Year of Urban Fabric Restoration: 2011.
The Story: It was a hot one yesterday in Boston, and your correspondent was lucky that it was his turn to take RTUF's Next Generation down to sailing class on the Esplanade. [The trip itself was somewhat poignant -- we took the Needham Line into town on the 6th to last Saturday on which weekend service will be offered for the foreseeable future. Service cuts needed to balance the MBTA's FY2013 budget will give this particular urban amenity the old heave-ho as of June 30th.] As I said, it was hot, but the breeze was blowing down on the Upper Basin as the red flag in the final photo attests. Being there yesterday morning reminded me that CBI recently undertook a really well-done renovation and restoration funded by a virtual cast of thousand including the Commonwealth (and the current landlord, the Department of Conservation and Recreation), The Esplanade Association, The Solomon Fund, the Mugar Foundation, and CBI itself. To this non-sailor's eye, it looks like they did what they needed to replace and greatly improve the dock space, which had been in pretty tough shape, built new structures (not only the dock house but also a new shed for storing windsurfing sails and and other equipment), and did some curating of the front entrance (new doors, restoration and repainting of the grillwork with the sailboat motif). Nothing earthshattering, but not inconsequential either, and something worth pointing out as one of those incremental, small changes that add up to vital signals that the participants in the urban ensemble that makes up any city or town have cared enough to put resources behind their physical plant in a way that furthers their mission and says they are here to stay.

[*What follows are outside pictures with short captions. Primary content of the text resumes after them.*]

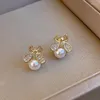 Charm Earrings Honey Bee Pearl Stud Women Exquisite Small Elegant Earring Ladies Wedding Party Birthday Jewelry Gifts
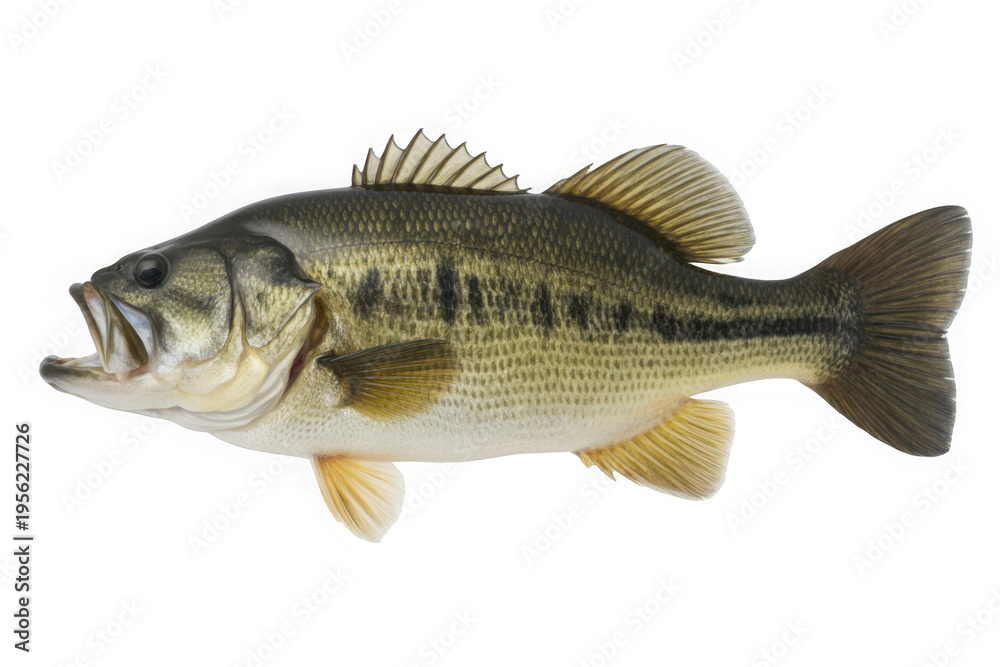 Naklejka premium Largemouth Bass Fish Isolated on White Background - Realistic Studio Shot Transparent Background
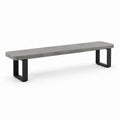Sitzbank im Industriestil, 180 × 40 × 45 cm, Betonoptik Grau mit schwarzem Metallgestell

And CBI isn't just any player in Boston's ongoing urban production. Its mission is really important, enough that the title of this blog post is not hyperbole. CBI's mission since its founding in 1946 has been the "advancement of sailing for all," originally by offering classes and access to the water for all kids between 10-18 for $1 per year (now based on a sliding scale up to $200 per year based on family income, but a great value at a huge discount regardless). With the new dock, CBI also bolstered its commitment to remove physical obstacles to sailing because the new dock provides better access and functionality for those with physical disabilities.
The founding and early history of CBI is itself a classic Boston story, summed up at the article linked here -- Sailing for All: Joe Lee and America's First Public Community Sailing Program. For your correspondent, high points of the article include the fact that the second story of the boathouse was added in the 1987 (you really can't tell just looking at the building), more than 45 years after the initial structure was built in 1941, as well as the story of bureaucractic turf battles and the careful application of class and ethnic distinctions by certain of the powers-that-be in the late 1930s and early 1940s to frustrate and delay the implementation of an idea whose time clearly had come. Luckily, the effort to create and sustain a gateway for everyone to use the Upper Charles River Basin's delightful watersheet has survived and thrived. To return this post to the personal, my father-in-law, a native of St. Ambrose's Parish in Dorchester, never tires of describing how he learned sailing at CBI starting as an 11 year-old in 1952. The twin facts that his grandchildren participate in the exact same program and that that program retains its core mission more than a half century later are worth celebrating.